That's not what's happening here.  It is not failing due to conflict,
octopus is reporting that it cannot even leave things in a conflicted
state for the user, and is actually incapable of handling this
particular type of merge.  Part of the output seen when attempting
this merge includes:
    fatal: merge program failed
    Should not be doing an octopus.

See previous discussion at
https://lore.kernel.org/git/xmqq35hdd205.fsf@gitster.g/.  To make this
clearer, perhaps I should use "test_expect_code 2" instead of
test_must_fail, and also grep the output/error for the above messages.

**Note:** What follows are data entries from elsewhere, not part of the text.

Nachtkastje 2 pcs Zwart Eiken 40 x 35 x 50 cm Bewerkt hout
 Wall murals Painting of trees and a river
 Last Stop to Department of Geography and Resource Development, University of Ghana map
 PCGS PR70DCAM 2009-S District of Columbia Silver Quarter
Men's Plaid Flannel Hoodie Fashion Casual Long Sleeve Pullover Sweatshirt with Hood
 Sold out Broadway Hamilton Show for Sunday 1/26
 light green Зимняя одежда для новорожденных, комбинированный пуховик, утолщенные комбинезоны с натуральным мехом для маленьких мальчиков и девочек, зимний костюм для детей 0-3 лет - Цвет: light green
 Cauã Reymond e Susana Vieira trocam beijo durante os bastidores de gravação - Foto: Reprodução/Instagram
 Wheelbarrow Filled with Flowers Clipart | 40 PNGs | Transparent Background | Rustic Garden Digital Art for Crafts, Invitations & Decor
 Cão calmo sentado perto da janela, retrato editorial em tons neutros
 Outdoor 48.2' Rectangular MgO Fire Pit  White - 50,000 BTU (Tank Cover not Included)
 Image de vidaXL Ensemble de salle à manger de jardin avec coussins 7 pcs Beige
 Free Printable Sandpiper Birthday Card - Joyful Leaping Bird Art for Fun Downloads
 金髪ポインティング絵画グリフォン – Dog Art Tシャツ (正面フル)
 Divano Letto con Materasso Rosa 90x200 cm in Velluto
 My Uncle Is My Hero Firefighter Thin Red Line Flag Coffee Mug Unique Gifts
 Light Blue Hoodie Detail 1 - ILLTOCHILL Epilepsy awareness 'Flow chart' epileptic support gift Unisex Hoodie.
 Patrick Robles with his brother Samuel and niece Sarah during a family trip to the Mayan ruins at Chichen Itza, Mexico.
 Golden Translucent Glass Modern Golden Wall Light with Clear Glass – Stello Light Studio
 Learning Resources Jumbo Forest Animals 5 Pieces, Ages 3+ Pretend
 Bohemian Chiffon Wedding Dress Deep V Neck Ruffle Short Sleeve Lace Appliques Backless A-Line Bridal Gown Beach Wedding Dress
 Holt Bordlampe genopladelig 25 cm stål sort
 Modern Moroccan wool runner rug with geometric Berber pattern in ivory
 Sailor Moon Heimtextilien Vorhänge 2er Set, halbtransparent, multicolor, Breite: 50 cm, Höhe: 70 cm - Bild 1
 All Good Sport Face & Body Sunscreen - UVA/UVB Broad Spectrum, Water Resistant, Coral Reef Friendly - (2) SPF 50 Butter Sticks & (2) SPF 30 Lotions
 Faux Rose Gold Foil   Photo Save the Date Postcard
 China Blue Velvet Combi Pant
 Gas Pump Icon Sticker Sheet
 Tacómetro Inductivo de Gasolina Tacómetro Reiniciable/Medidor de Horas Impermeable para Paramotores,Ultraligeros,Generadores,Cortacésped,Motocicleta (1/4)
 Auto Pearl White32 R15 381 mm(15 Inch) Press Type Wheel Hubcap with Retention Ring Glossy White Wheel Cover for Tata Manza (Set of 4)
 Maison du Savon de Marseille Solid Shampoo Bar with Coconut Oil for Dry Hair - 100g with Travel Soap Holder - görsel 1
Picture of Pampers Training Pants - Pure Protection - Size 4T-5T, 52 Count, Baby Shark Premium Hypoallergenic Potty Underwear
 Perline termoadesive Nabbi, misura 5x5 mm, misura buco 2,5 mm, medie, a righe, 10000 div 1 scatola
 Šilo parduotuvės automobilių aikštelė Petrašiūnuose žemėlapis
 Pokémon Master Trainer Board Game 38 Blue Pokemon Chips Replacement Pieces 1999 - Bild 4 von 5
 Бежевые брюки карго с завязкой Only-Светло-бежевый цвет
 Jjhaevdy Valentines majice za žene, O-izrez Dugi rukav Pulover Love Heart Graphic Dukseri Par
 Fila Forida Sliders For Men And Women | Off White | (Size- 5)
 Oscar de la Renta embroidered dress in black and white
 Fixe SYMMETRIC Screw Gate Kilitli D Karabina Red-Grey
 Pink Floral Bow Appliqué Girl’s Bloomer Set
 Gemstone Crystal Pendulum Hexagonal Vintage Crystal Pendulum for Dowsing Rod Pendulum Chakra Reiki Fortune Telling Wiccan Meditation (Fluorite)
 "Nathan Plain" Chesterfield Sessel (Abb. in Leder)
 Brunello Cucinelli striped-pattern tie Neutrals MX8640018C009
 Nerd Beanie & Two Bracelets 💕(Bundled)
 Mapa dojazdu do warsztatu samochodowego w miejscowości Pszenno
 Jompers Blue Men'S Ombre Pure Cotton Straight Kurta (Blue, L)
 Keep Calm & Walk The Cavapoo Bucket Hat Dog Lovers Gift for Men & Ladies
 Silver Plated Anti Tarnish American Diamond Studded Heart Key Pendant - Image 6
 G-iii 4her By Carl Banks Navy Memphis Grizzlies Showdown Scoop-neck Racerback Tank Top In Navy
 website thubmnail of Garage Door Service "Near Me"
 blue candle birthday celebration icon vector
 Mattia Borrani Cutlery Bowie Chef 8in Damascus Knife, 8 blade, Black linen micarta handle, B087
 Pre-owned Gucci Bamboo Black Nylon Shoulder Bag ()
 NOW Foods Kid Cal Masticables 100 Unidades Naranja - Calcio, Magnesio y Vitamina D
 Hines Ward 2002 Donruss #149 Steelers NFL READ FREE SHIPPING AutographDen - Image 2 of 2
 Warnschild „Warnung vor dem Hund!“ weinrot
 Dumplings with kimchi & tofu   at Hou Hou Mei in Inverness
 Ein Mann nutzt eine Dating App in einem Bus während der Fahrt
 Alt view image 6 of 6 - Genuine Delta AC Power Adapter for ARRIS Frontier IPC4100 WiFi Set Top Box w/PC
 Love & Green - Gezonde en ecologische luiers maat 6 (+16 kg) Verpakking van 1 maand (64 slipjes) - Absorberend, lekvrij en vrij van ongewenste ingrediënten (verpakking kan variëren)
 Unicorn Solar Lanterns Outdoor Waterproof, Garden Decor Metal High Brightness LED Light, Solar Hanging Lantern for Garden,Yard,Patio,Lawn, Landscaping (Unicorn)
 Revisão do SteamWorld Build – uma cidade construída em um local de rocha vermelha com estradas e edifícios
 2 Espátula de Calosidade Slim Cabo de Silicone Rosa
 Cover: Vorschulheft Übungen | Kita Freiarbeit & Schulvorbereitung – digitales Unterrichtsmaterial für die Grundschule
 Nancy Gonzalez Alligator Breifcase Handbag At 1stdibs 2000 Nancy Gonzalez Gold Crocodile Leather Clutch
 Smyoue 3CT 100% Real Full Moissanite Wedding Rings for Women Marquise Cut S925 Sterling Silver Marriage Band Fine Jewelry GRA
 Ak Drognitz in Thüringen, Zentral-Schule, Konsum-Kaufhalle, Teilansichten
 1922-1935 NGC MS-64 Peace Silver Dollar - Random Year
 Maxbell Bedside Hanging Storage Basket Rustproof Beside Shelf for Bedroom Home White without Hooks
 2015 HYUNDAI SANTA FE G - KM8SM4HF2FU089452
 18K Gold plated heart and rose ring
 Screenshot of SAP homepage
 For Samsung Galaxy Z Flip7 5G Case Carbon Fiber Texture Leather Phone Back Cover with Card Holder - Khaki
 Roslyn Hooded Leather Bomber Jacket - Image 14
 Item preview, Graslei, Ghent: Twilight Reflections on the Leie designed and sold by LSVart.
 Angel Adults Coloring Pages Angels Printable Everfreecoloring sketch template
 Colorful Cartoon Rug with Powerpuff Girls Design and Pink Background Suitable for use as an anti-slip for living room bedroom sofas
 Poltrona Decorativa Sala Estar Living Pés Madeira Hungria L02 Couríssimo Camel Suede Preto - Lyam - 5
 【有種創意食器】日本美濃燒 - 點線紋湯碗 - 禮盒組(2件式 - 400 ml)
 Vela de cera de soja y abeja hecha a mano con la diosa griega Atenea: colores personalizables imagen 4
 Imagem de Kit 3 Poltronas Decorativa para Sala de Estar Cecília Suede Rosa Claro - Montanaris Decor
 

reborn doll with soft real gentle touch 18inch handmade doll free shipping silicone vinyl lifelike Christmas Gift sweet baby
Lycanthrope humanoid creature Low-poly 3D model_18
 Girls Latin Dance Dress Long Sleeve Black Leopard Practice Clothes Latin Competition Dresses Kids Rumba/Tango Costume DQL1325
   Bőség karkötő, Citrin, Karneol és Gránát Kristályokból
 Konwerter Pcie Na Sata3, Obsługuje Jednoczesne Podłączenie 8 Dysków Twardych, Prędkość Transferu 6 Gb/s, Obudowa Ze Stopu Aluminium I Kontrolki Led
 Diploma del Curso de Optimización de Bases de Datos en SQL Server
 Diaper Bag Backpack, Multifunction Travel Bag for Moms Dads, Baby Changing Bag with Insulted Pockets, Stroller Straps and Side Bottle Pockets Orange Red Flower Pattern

> I think octpus users are used to be able to resolve it manually
> and make a commit.  Are we making it impossible by doing the
> reset-restore dance here?

No, we are not changing what octopus can handle here.  The code above
is not triggered when octopus returns that it ran into conflicts for
the user to resolve.  It is only triggered when octopus says it cannot
handle the merge in question.  See your commit 98efc8f3d8 ("octopus:
allow manual resolve on the last round.", 2006-01-13), and note that
the the "exit 2" code path is the one that we are hitting.  I'll add
some comments to the testcase and rewrite the commit message to try to
make this clearer.
diff mbox series

Patch

diff --git a/builtin/merge.c b/builtin/merge.c
index aaee8f6a553..a21dece1b55 100644
--- a/builtin/merge.c
+++ b/builtin/merge.c
@@ -385,11 +385,11 @@  static void restore_state(const struct object_id *head,
 {
 	const char *args[] = { "stash", "apply", "--index", NULL, NULL };
 
-	if (is_null_oid(stash))
-		return;
-
 	reset_hard(head, 1);
 
+	if (is_null_oid(stash))
+		goto refresh_cache;
+
 	args[3] = oid_to_hex(stash);
 
 	/*
@@ -398,7 +398,9 @@  static void restore_state(const struct object_id *head,
 	 */
 	run_command_v_opt(args, RUN_GIT_CMD);
 
-	refresh_cache(REFRESH_QUIET);
+refresh_cache:
+	if (discard_cache() < 0 || read_cache() < 0)
+		die(_("could not read index"));
 }
 
 /* This is called when no merge was necessary. */
diff --git a/t/t7607-merge-state.sh b/t/t7607-merge-state.sh
new file mode 100755
index 00000000000..655478cd0b3
--- /dev/null
+++ b/t/t7607-merge-state.sh
@@ -0,0 +1,25 @@ 
+#!/bin/sh
+
+test_description="Test that merge state is as expected after failed merge"
+
+GIT_TEST_DEFAULT_INITIAL_BRANCH_NAME=main
+export GIT_TEST_DEFAULT_INITIAL_BRANCH_NAME
+. ./test-lib.sh
+
+test_expect_success 'set up custom strategy' '
+	test_commit --no-tag "Initial" base base &&
+git show-ref &&
+
+	for b in branch1 branch2 branch3
+	do
+		git checkout -b $b main &&
+		test_commit --no-tag "Change on $b" base $b
+	done &&
+
+	git checkout branch1 &&
+	test_must_fail git merge branch2 branch3 &&
+	git diff --exit-code --name-status &&
+	test_path_is_missing .git/MERGE_HEAD
+'
+
+test_done